How do we recruit and retain a more diverse group of future scientists?
We know in all fields that having diverse practitioners drives innovation and creates better solutions. It’s clearly going to take a long time to increase representation and have a scientific community in our country that reflects our population as a whole. Our graduate school is about two-thirds women, and that has been a trend for the past 10 years. Why many women don’t continue in research is a whole different issue that needs to be addressed.
To encourage underrepresented minorities to pursue biomedical sciences, we need to start early. Our Summer Undergraduate Research Program recruits college-age students who are also underrepresented minorities to help give them the skills and training they need to get into and get through graduate school. Many participants say the program is transformative. They never thought these opportunities were available to them and that can erode their confidence. It’s not that they aren’t good enough—they are not as well prepared as students who have grown up with access to resources and support.
The process of opening students up to careers in science and giving them the right tools needs to start in high school, or even earlier, to empower them.
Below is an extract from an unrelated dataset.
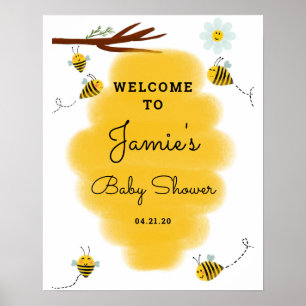 Babydusche mit Hummeln Begrüßungszeichen Plakat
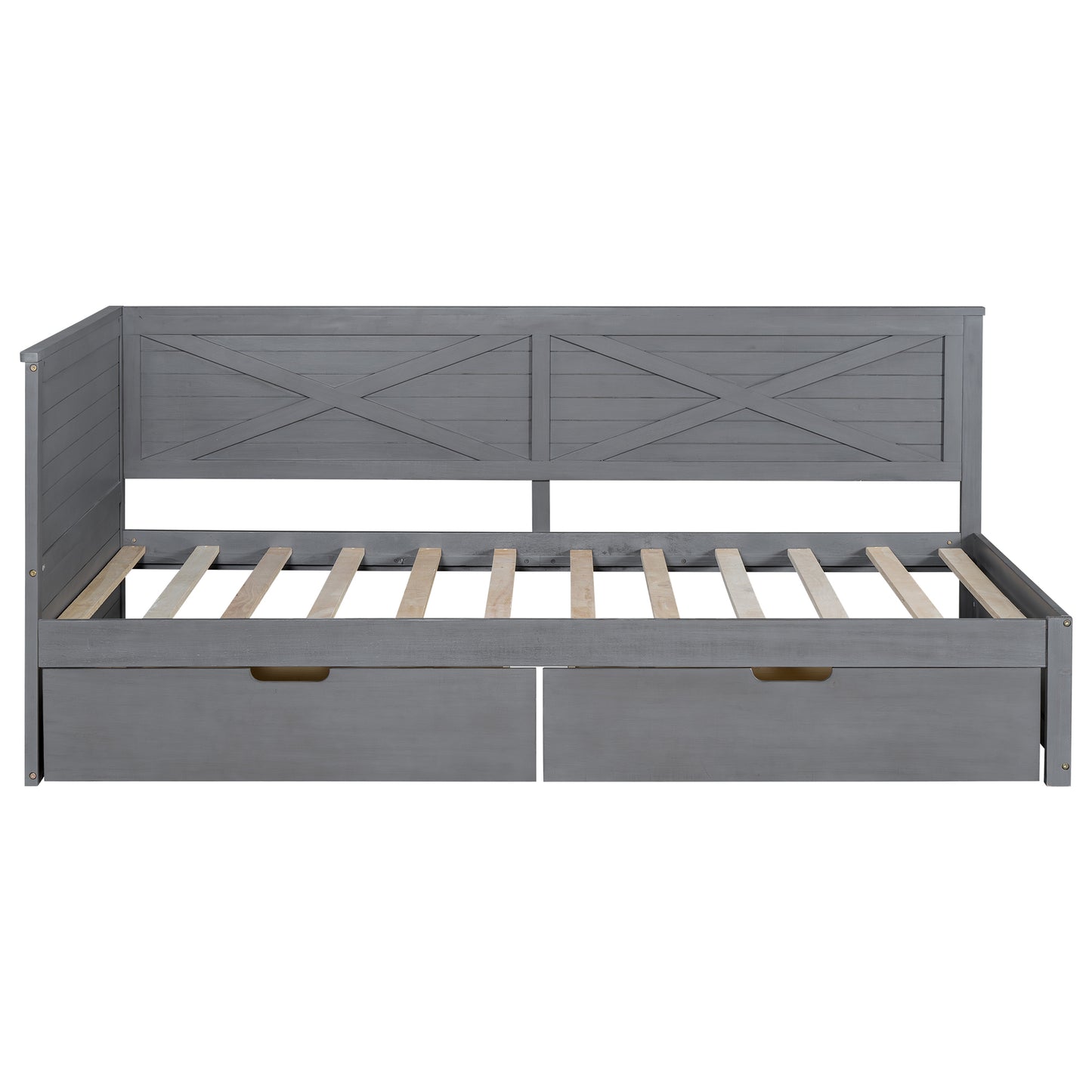 Gray wooden daybed with Xdesign headboard and two drawers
If we give them resources and opportunities, they can succeed.
Do you have advice for those pursuing a career in research?
Ask for help, identify mentors, and get support. When I was pursuing science as a student, the importance of mentoring was not yet recognized, and I definitely could have benefitted from it. There are issues you may not be able to solve on your own. It really helps to talk to someone you respect and feel you can trust.
Different people have different degrees of confidence in the early stage of their careers. I tell them to advocate for themselves. Put yourself in the center and empower yourself. Tell yourself that you can do this.
I just want students to have the opportunities that they deserve and help them find a path. Life is a marathon. We all want to achieve lofty goals immediately, but that is not the reality. You have to keep pushing yourself and you’ll get there.